I would issue a word of warning to him, which I know he will take in the spirit in which it is intended. He faces high expectations as Minister. The provisions made in the Estimates under the headings of pay and allowances for the Defence Forces will not give him any room to manoeuvre. He will need the strong support of his Taoiseach and other members of the Government in the months ahead. I think he knows enough to know by now that the strong support of the Taoiseach is reserved for only one man, and that is the Taoiseach himself.
I described this appointment as a damp squib. The reshuffle which we all expected, and which this Government need if they are to change the more reactionary elements of their image, has become a total anti-climax, because one Minister has refused to be moved. We all know why — the Minister concerned is afraid that if he agrees to move it will prove that everything that "Scrap Saturday" says about him is true. It must be the first time in history that a satirical radio programme has turned into self-fulfilling prophecy.
Virtually every Minister who resigned from Mrs. Thatcher's Government in the dying days of her administration offered as his reason that he wanted to spend more time with his family. I do not question the Taoiseach's statement that he did not ask the Minister for the Environment to move and, therefore, was not refused. The point is that the Taoiseach's authority is totally diminished and he could not even ask for the move he wanted. In the case of the Minister for the Environment, it would perhaps be difficult for him to offer the reason offered by Ministers across the water. We have all found out in recent months that he is an acknowledged expert on the family and on parenthood. There is no need then for him to be changed from his present position. This expert on the family will continue for the time being to preside over the re-emergence of a housing crisis, the kind of crisis which places intolerable strains on families waiting for housing throughout the country. He will continue to preside over the decimation of local authorities and the essential services they provide. He will continue to do so because he decrees that he will, not because the Taoiseach, his party leader, wishes it.

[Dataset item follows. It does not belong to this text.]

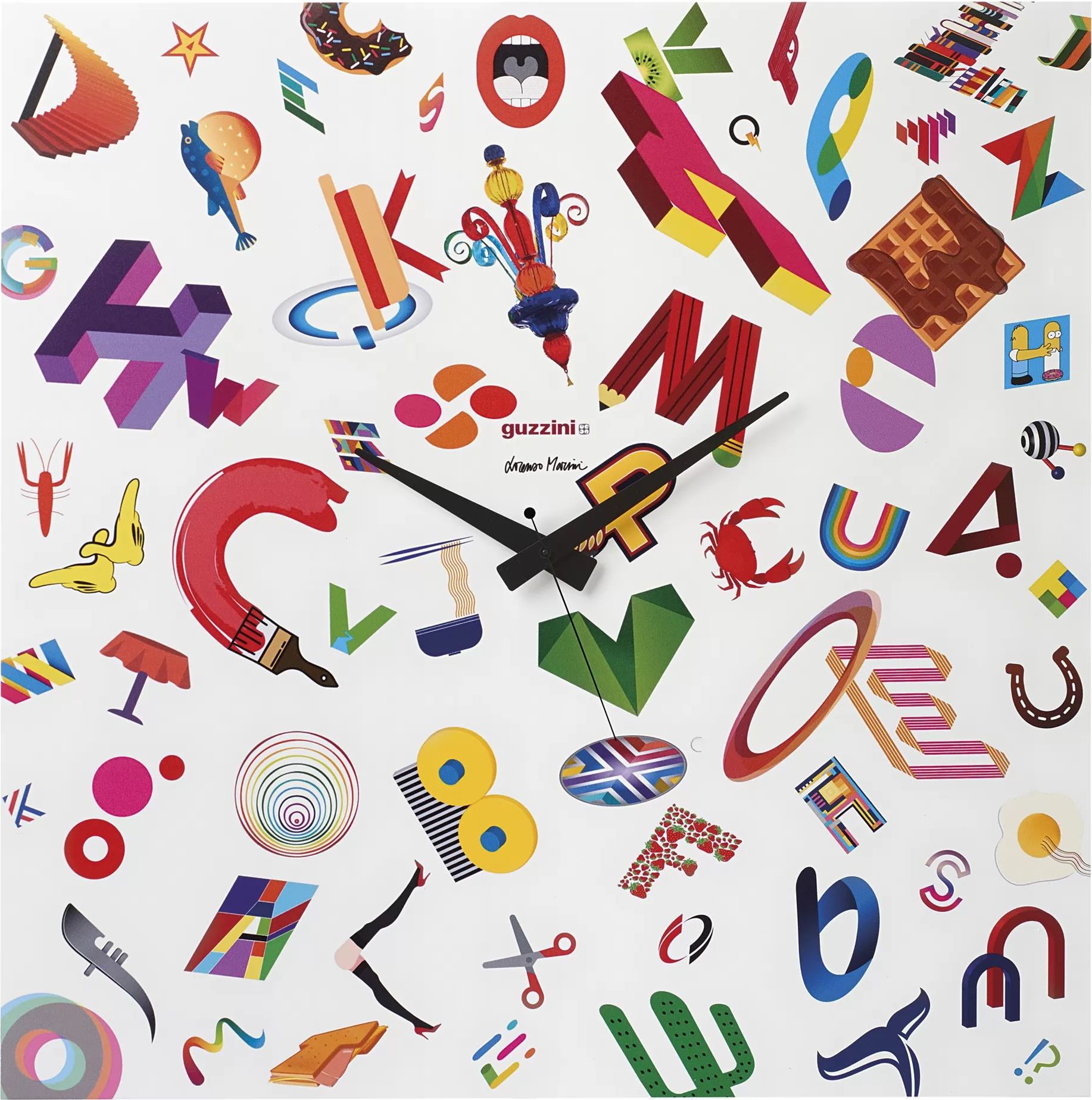 Zegar ścienny Alphaclock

Because the Flynnstone factor has prevailed in determining the nature and the scope of this reshuffle, the Minister for Health is also to remain at his post, presiding over a health service he is privately prepared to admit is in more serious difficulties than at any time since he came into office. His management of the health services has been an unmitigated disaster from the beginning. The most serious criticism I can offer of him is that, single handed he has removed any concept of a right to the provision of health care.

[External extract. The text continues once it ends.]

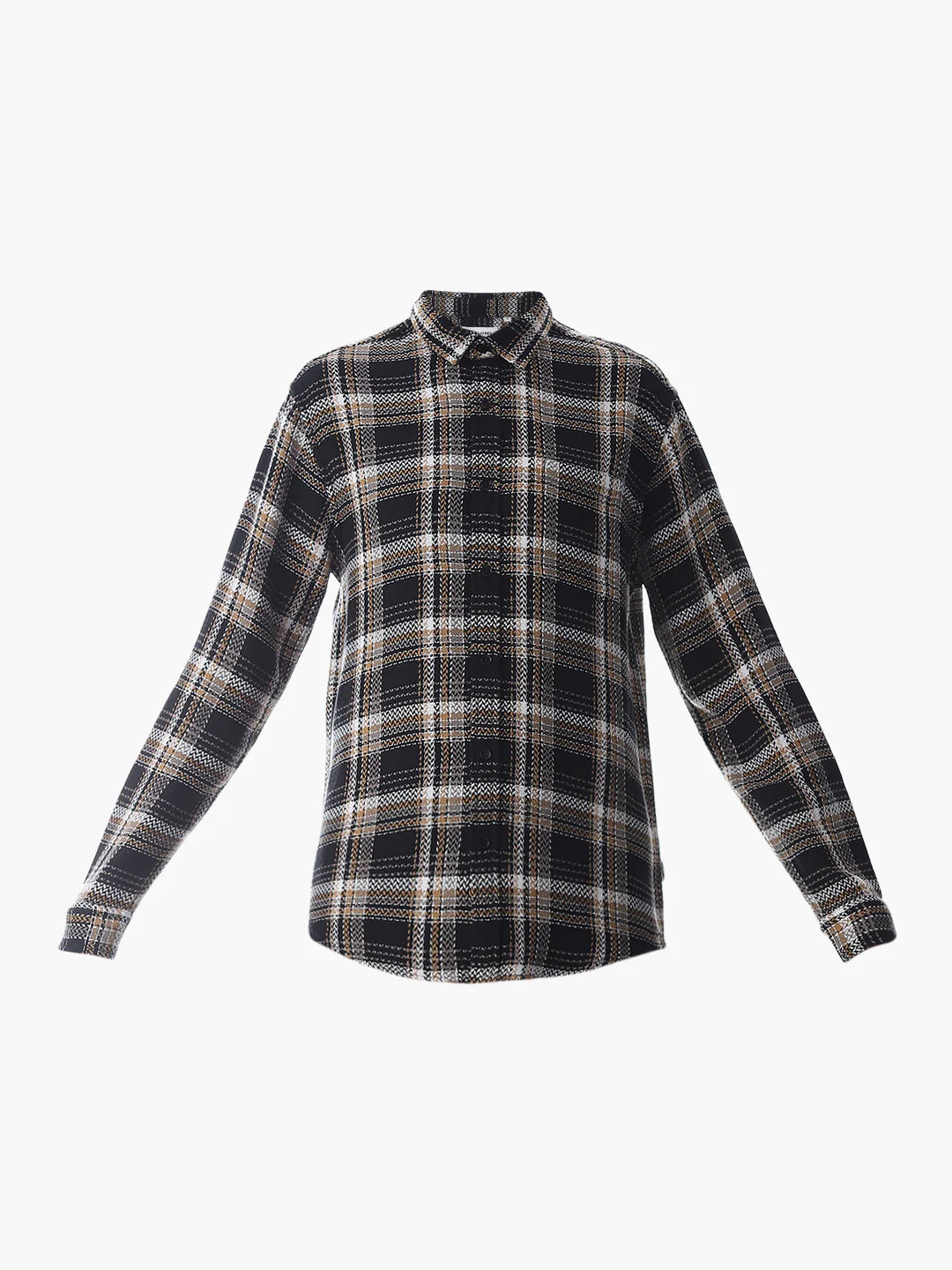 Regular Fit Check Shirt - Black - Image 7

Three years ago we had a health service which was struggling with financial difficulties, but one in which access to care was determined by medical criteria. Now access to health care when it is needed is determined almost entirely by income. That is the fundamental change brought about by the policies of this Minister, and by his failure to fight for the rights of the people he was elected to serve. If anyone should see himself as the champion and advocate of the sick and the handicapped, it is the Minister for Health. This Minister has never done so, and he should have been offered a free transfer years ago.
The same is true of the Minister for Education, who has substituted bluster and sleight-of-hand for policy in the last three years. We have all seen the promises of reductions in the pupil teacher ratio in the last few weeks. What should not be forgotten is that even if those promises are kept, the pupil teacher ratio will still be greater than when this Minister came into office.